А она шла рядом с ним, неся на лице смутную блуждающую улыбку, сама зачарованная силой своей красоты, и губы ее что-то тихо шептали.
Он прислушался.
— Сколько мужчин! Сколько мужчин! Сколько их! — как в бреду, повторяла она.
— Их еще больше, ты видишь только часть, и все они умопомрачительно прекрасны, — сказал он. Она повернула голову и внимательно посмотрела ему в глаза.
— Ты сердишься?
— Нет, за что же, — потупился он.
— Ну пойми, тут нет ничего плохого. Подумаешь, если я улыбнусь кому-нибудь. Если я покоряю кого-то, то делаю это для тебя, то есть чтобы ты больше любил меня. И ты не ревнуй, пожалуйста, просто мне необходимо чувствовать себя женщиной. Ну пойми, не может же кошка перестать охотиться на мышей.
— Нет, конечно, не может, — сказал он весело, а внутри все сжалось от предчувствия горечи и потери.
Они обедали в сумеречном от занавесей кафе; под потолком бесшумно, неторопливо порхали лопасти большого вентилятора. От их дуновения ее волосы то начинали парить за спиной, то прижимались к плечам.
Она ела с аппетитом радостного здорового человека и не забывала поглядывать по сторонам со смутной своей улыбкой, от которой мужчины каменели, забывая поднести ложку ко рту.
Он нервно крошил пальцами хлеб. Давешняя рассеянная бездумность заполнила его. Раздерганные мысли проносились в сознании, была между ними и действительностью какая-то связь, но он не мог ее уловить.

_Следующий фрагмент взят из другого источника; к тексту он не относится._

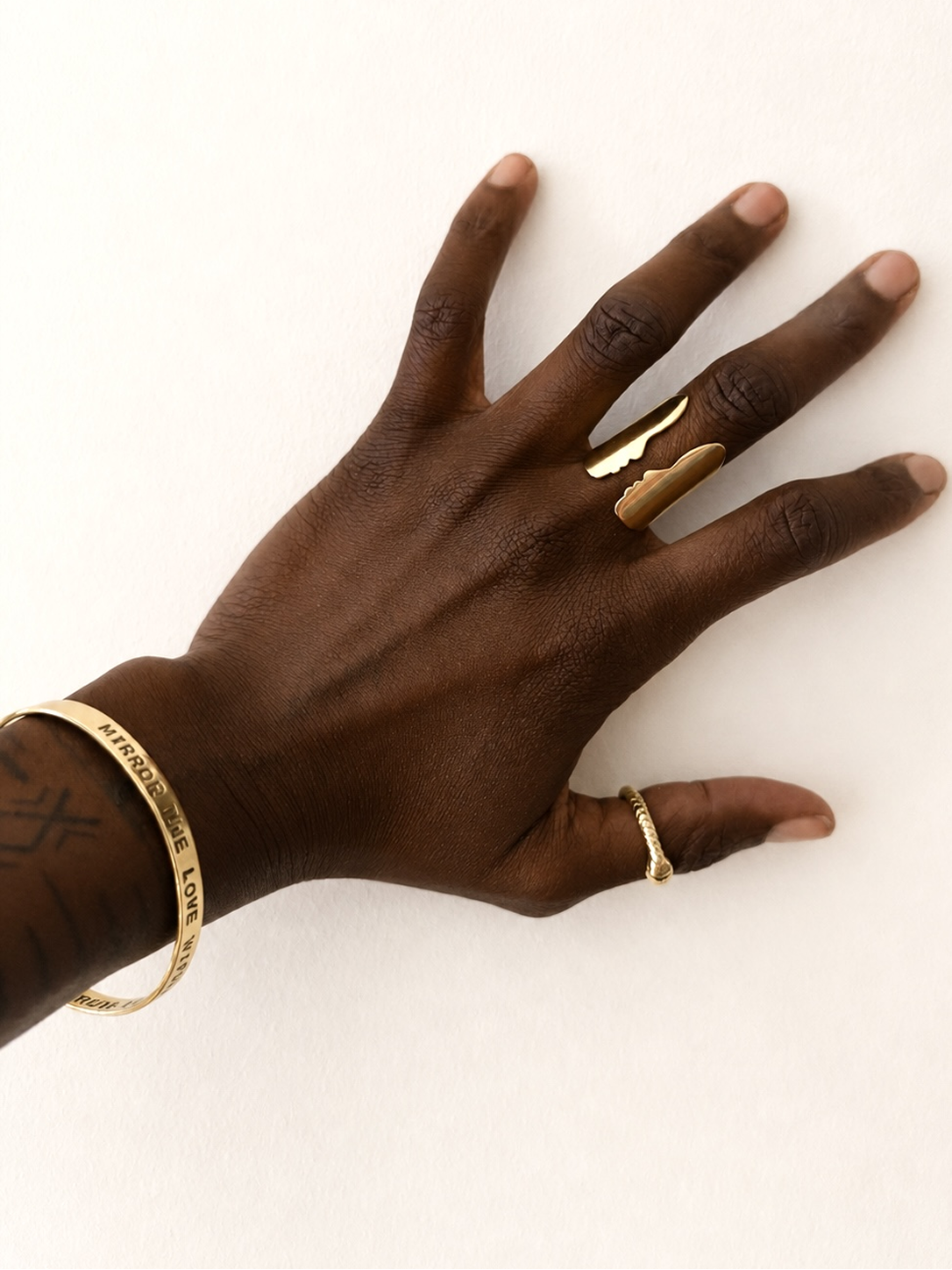 Mirror Affirmation Band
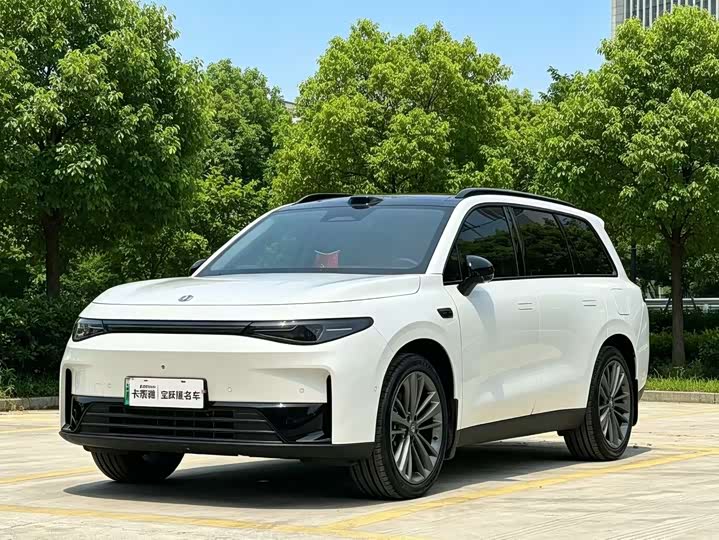Leapmotor C16, 2025 — купить в Иванове под ключ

— Кто это там, за столиком, у окна? Почему у него на плечах золотые звездочки? Он небожитель? — вдруг быстро спросила богиня, и лицо ее побледнело от волнения.

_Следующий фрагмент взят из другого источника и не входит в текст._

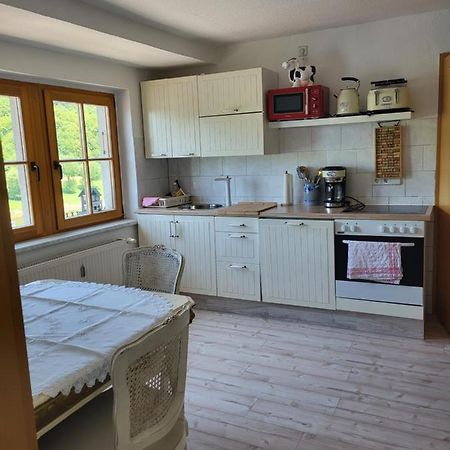 Elbblick Apartamento Königstein Exterior foto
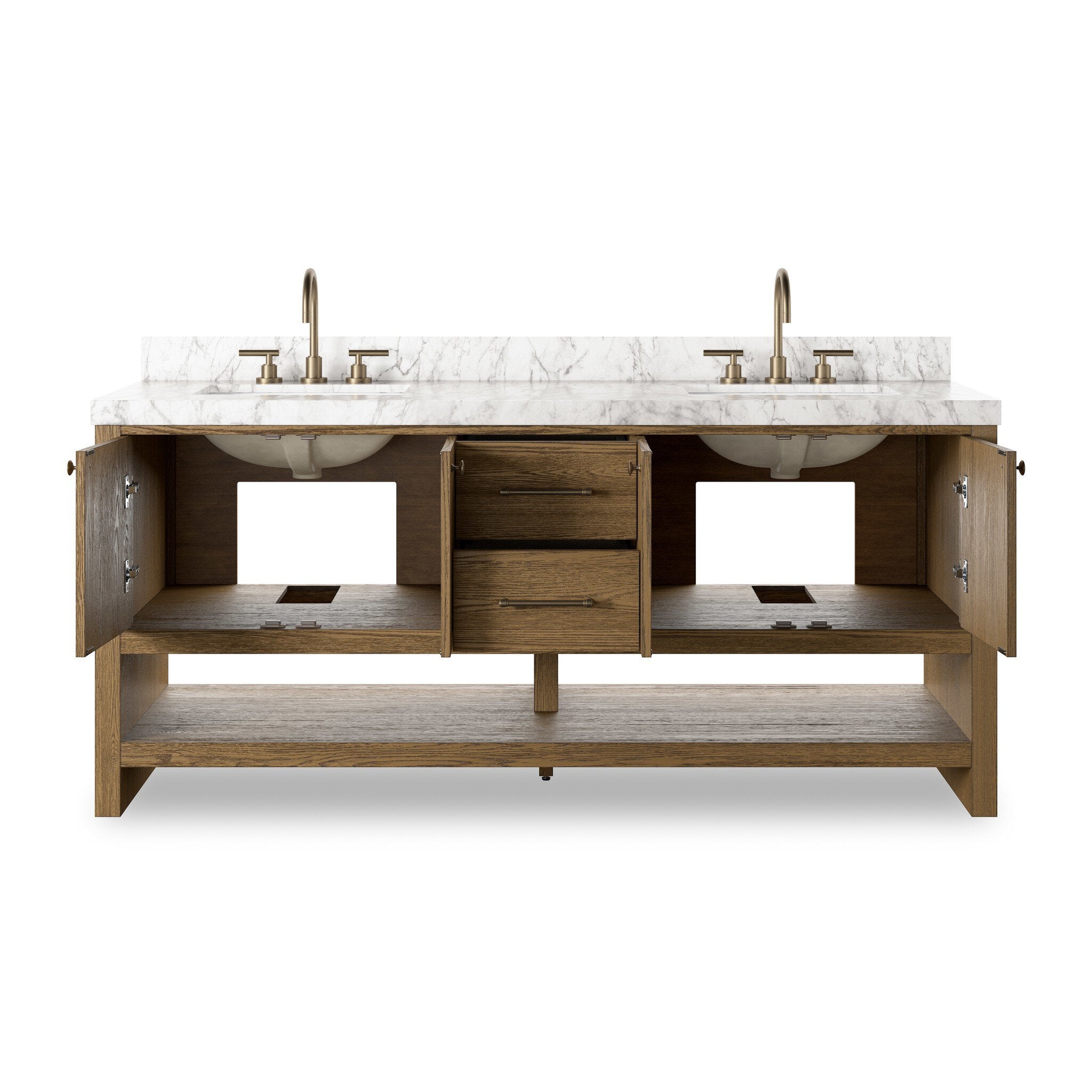 Four Hands Anthem Double Vanity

Он взглянул и увидел офицера-артиллериста с юношески пушистыми щеками и четкой полоской сросшихся бровей. Офицер с остановившимся лицом смотрел на нее.
— Он не небожитель, он — лейтенант, хотя это одно и то же. Когда тебе немногим больше двадцати, а на погонах две звездочки, то и небо становится близким и доступным, как кинотеатр на соседней улице. Он вправду хорош, твой лейтенантик.
— Правда? Он тебе нравится? Я хочу, чтобы он подошел!
— Ну, посмотри на него еще немного, и он осмелеет и подойдет.
— Не-ет, он такой робкий. — Она, не отрываясь, смотрела на лейтенанта, улыбаясь неуловимой призывной улыбкой.
— Так позови его сама.
— Что ты, мне неудобно. Вот, если бы ты… — Она просительно и нежно погладила его руку.
— Я? А что, я — пожалуйста!
Он вдруг переполнился озорным задорным упрямством, и обычная насмешливость тоже вернулась, но был в ней какой-то злой оттенок.
— Ну, так ты не передумала? Звать?
— Да, пожалуйста, сделай это для меня.
— Может быть, мне его сразу и поцеловать за тебя?
— Нет, не надо, — ответила она рассеянно.